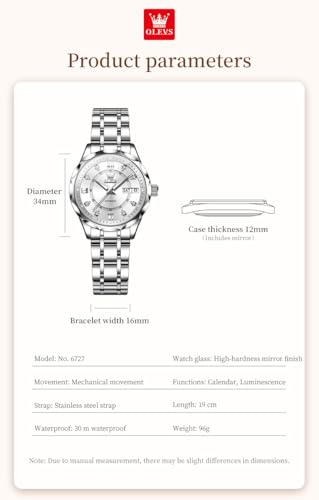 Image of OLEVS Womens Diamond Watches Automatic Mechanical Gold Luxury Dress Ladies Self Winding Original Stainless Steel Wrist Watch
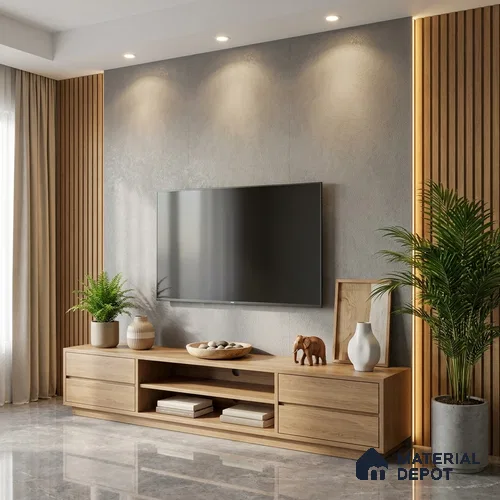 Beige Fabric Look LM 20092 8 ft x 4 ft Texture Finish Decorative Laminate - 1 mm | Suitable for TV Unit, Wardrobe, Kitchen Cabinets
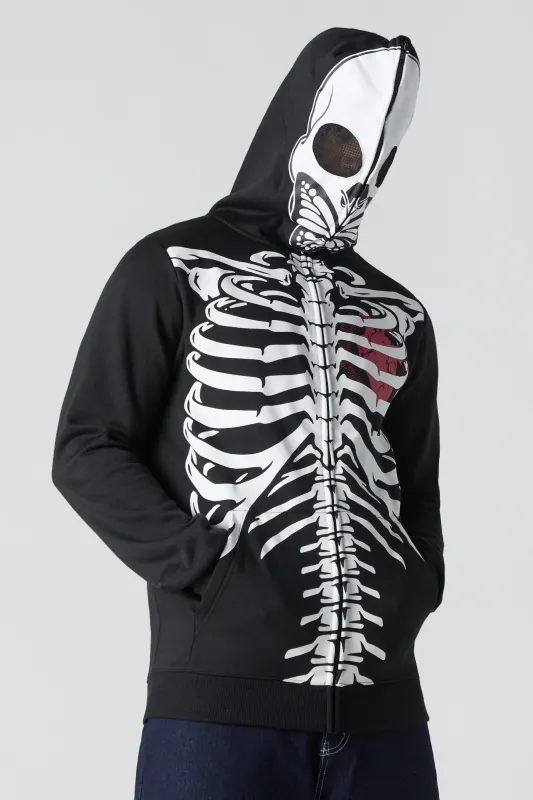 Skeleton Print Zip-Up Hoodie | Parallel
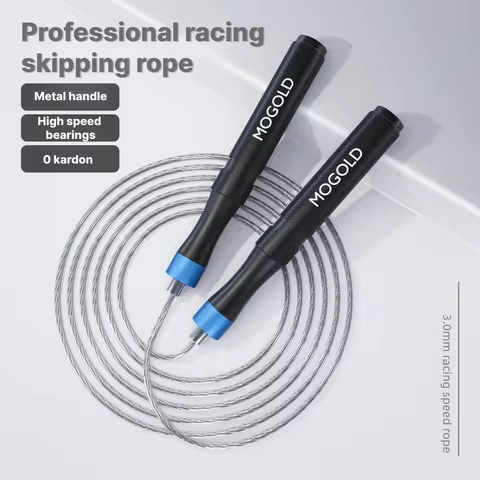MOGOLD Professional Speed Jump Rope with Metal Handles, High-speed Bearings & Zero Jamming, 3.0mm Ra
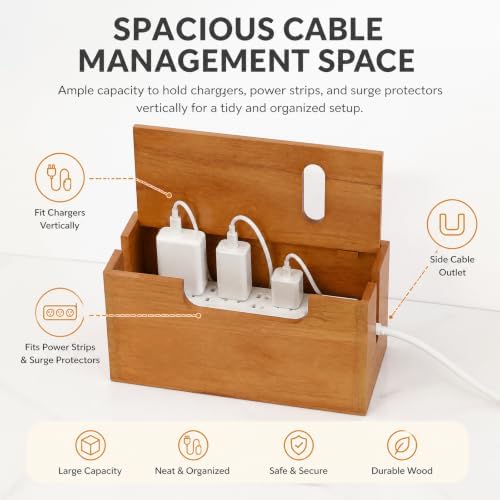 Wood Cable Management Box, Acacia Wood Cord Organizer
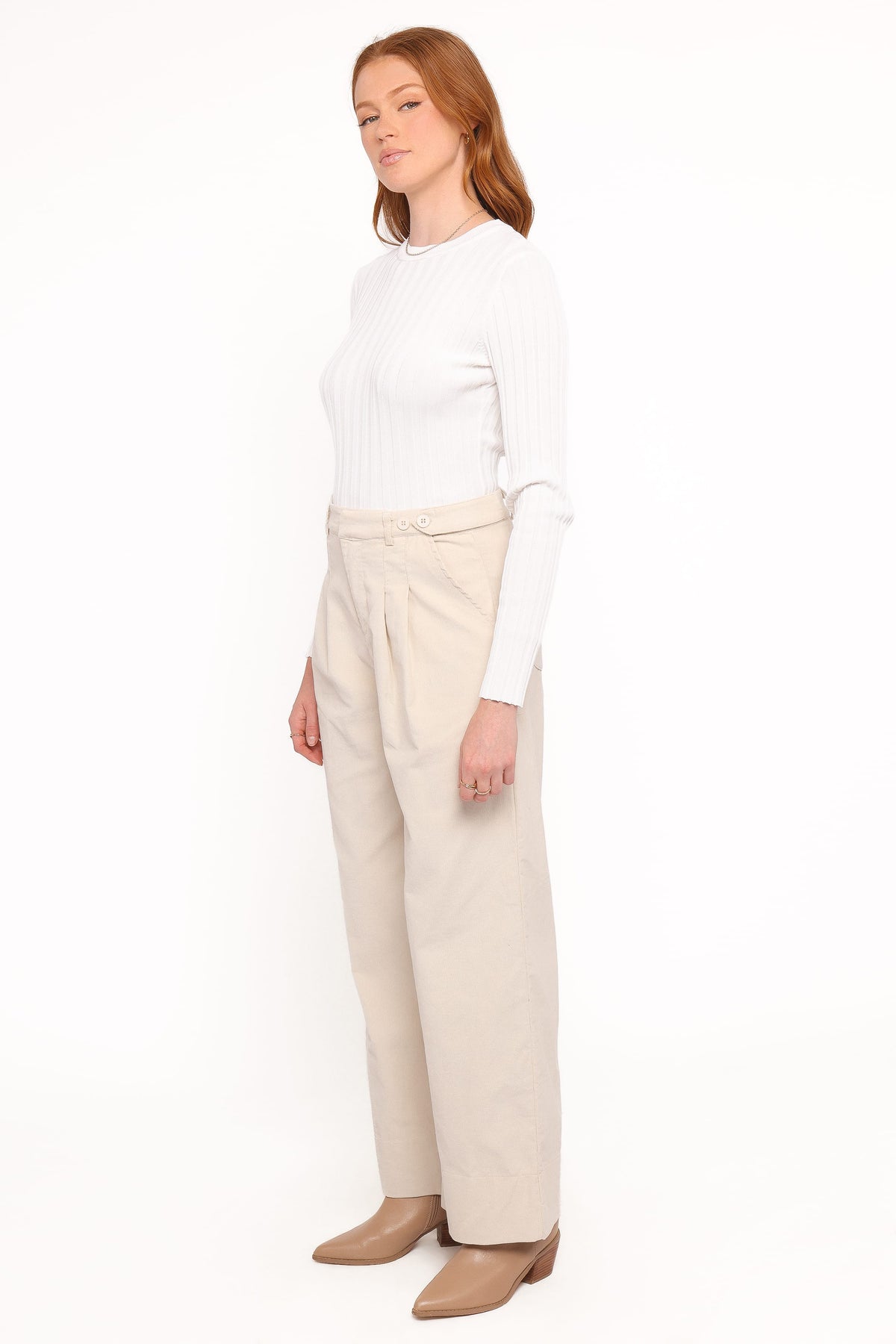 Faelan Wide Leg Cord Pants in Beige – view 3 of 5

+===+

▶ [Your goal]
Your answer must be exactly the lines from the one with "MOGOLD Professional Speed" through the last line of the entries, both included, with no pictures; please add nothing else.

▶ [Solution below]
MOGOLD Professional Speed Jump Rope with Metal Handles, High-speed Bearings & Zero Jamming, 3.0mm Ra
 Wood Cable Management Box, Acacia Wood Cord Organizer
 Faelan Wide Leg Cord Pants in Beige – view 3 of 5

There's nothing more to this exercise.